The Winnipeg Jets are at the point where young players are being sent to the AHL until they are ready and until that time they might get the odd call up. This is a change from previous years when young players made the team before they were ready thanks to the Jets lack of depth. This is most notable with Kyle Connor during his first year of professional hockey.

This is what the AHL is for. The league is there for young players to move to a level that is harder than junior or the NCAA, but easier than the NHL. The AHL allows for that. It is not a place to punish players, but a place to allow them to grow as players until they are ready for the NHL.

If the AHL is viewed as a place where a player is sent to develop, it changes the perception of what going to the AHL means. It means that a young player can have the ice time that is not available to them in the NHL. They can make mistakes and learn what it takes for them to play at an elite level.

One example of a player who benefited from the AHL is Kyle Connor. Connor made the Jets out of camp two years ago based on his early pre-season performance and he was not ready. After the Jets finally sent him down in December, he thrived in the AHL and should have made the team directly out of camp the next season. While he did not, an early call up allowed him to spend most of the season with the team and he showed that he is a very good player.

The AHL is a place where a young player can play on the first line instead of the fourth line. It allows for a young player to play more and make mistakes. While all teams should want to win, not winning in the AHL is less important than the same outcome in the NHL. It is about development down there and winning comes secondary.

The Winnipeg Jets have moved on to using the NHL as a development league and not having players in the NHL before they are ready.
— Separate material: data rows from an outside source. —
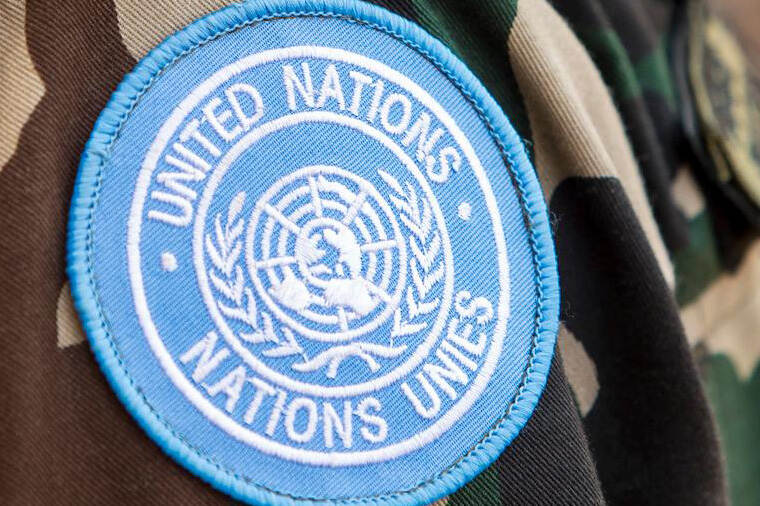VN-badge met de tekst: United Nations, Nations unies.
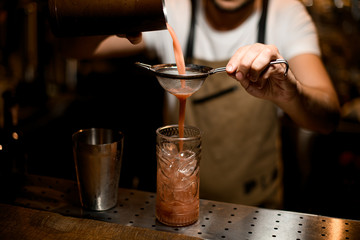 Fototapeta na wymiar Professional male bartender pouring a red alcoholic drink from steel shaker through the sieve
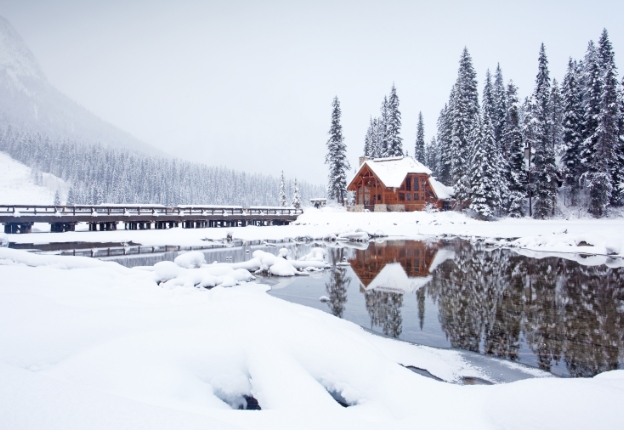 Emerald Lake Lodge in winter with mountain backdrop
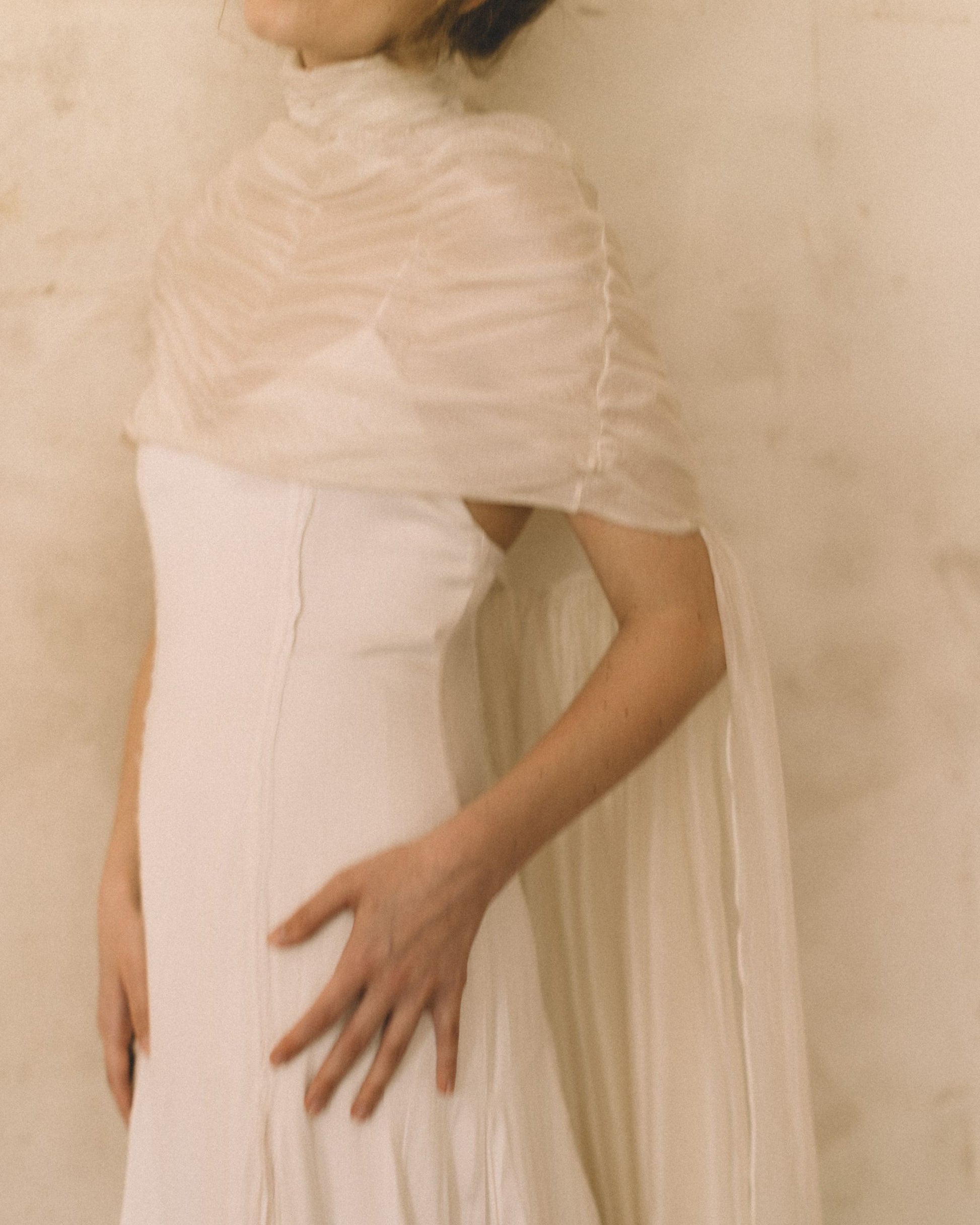 Close-up of the Elise Cape 100% Silk Tule by The Muse Collective handmade in Spain available at Georgette in Brussels and online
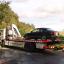 A car being taken away from the scene in Hampshire where a man and two children were found dead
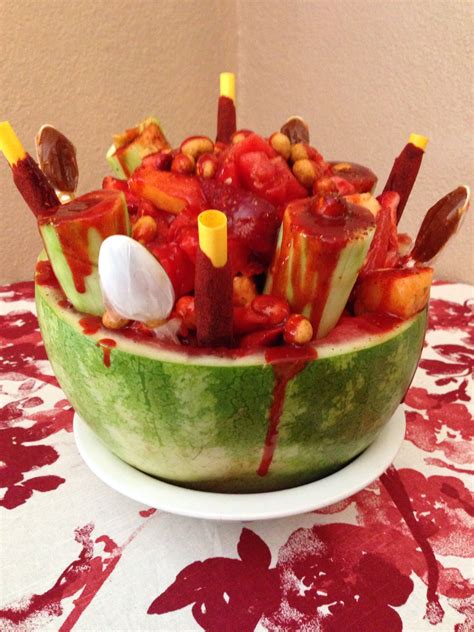 a watermelon bowl filled with candy and candies on top of a table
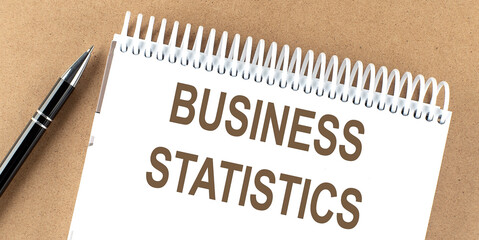 Poster - BUSINESS STATISTICS text on sticky note on a cork board with pencil ,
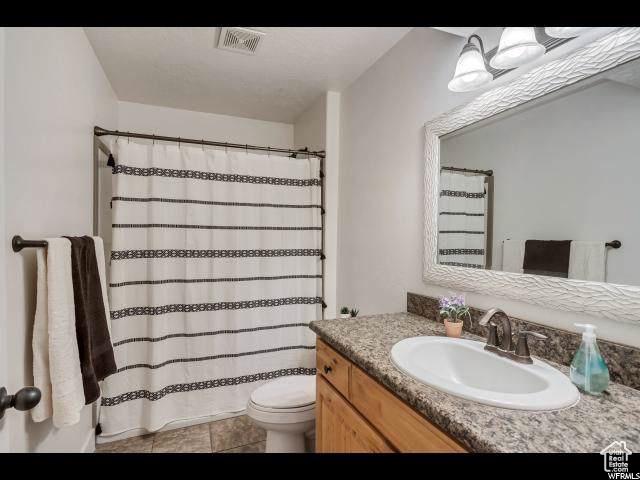 1045 S 1700 W Unit 320, Payson, UT 84651 - full bathroom with vanity, tile patterned floors, and a shower with shower curtain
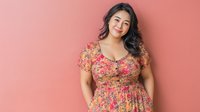 Young Asian woman in floral summer dress smiling confidently against coral pink background, representing body positivity and feminine fashion.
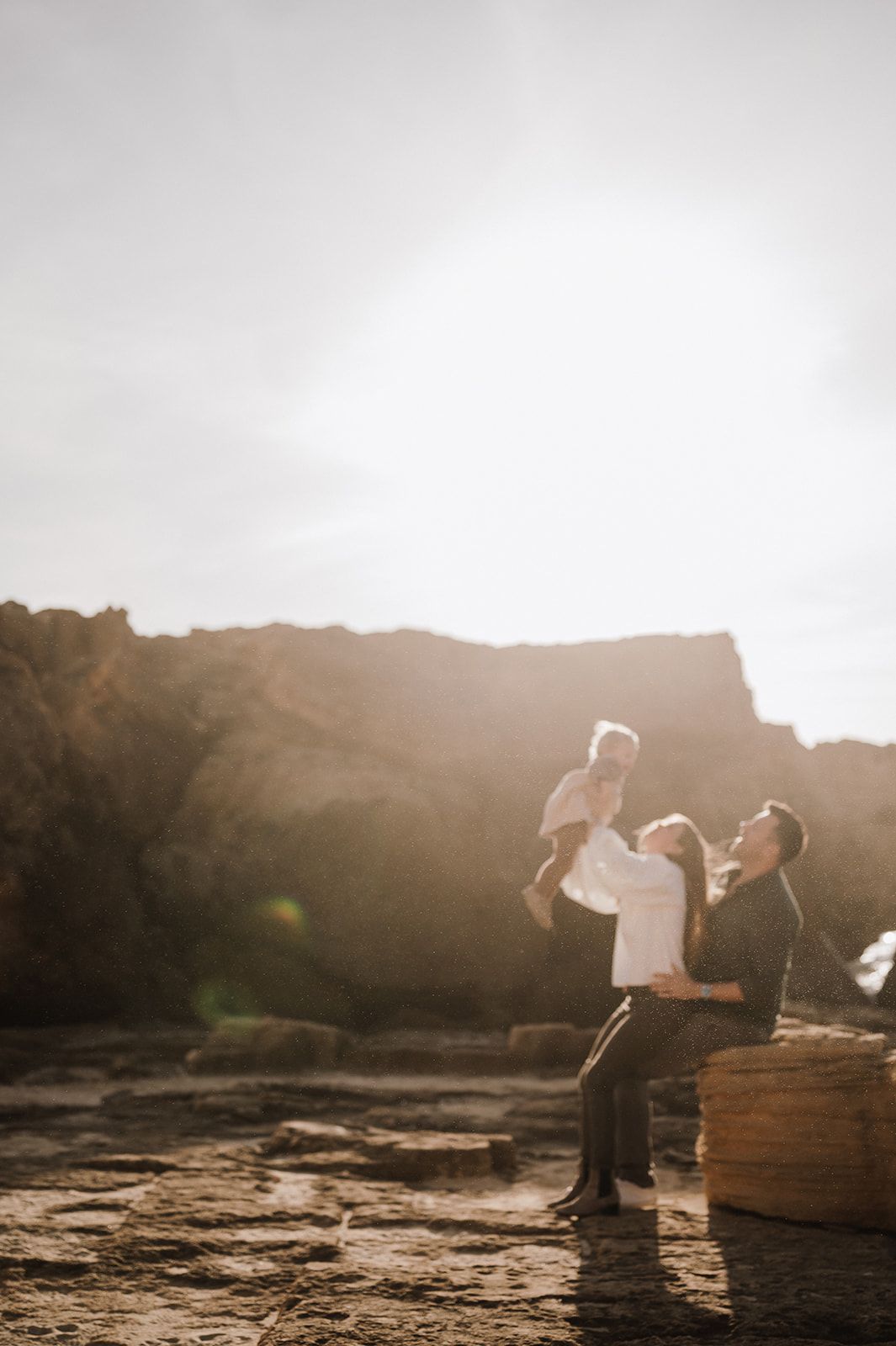 Family moment at golden hour on rocky coast, parent lifting baby while partner watches lovingly.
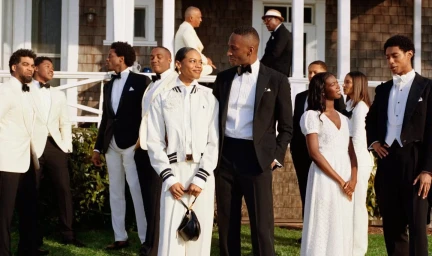 Group of people in formal attire and tuxedos gathered outside a traditional wooden house for Polo Ralph Lauren Oak Bluffs campaign.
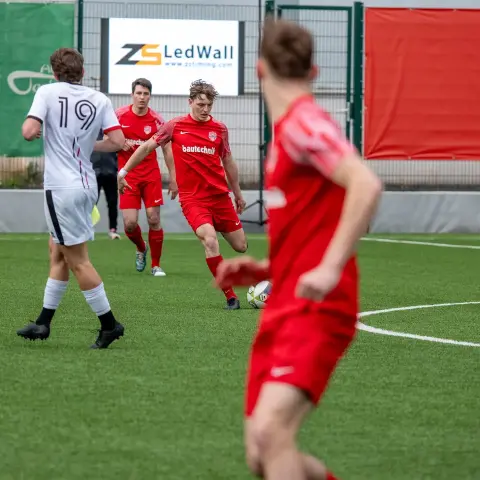 Spielszene auf dem Kunstrasen: Ein Spieler in Rot führt den Ball, im Vordergrund ein Mitspieler in Rot, links ein Gegner in Weiß mit der Nummer 19.
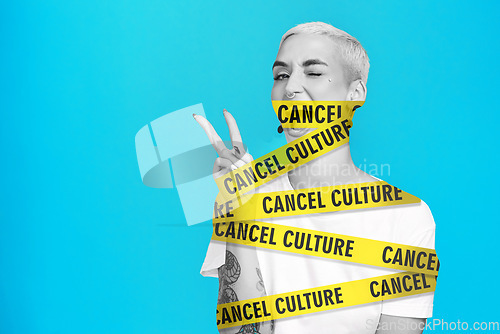 Image of Cancel culture, peace sign and overlay with woman and space for social media, cyber bullying and toxic message. Free speech, censorship and restriction with person on blue background for mockup space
While Kristian Vesalainen started the year in the NHL, as soon as he showed he was not ready he was sent to the AHL. Yes, he eventually left for the KHL, but the Jets did the right thing by not having him in the NHL just to keep him in North America.

The AHL has long been the best place to develop players in North America and the Winnipeg Jets have used it that way for years. The difference is, they are no longer granting players NHL spots before they are fully ready. The next piece is for players to stop seeing the AHL as a bad place to play, but instead a place to learn and grow as a player.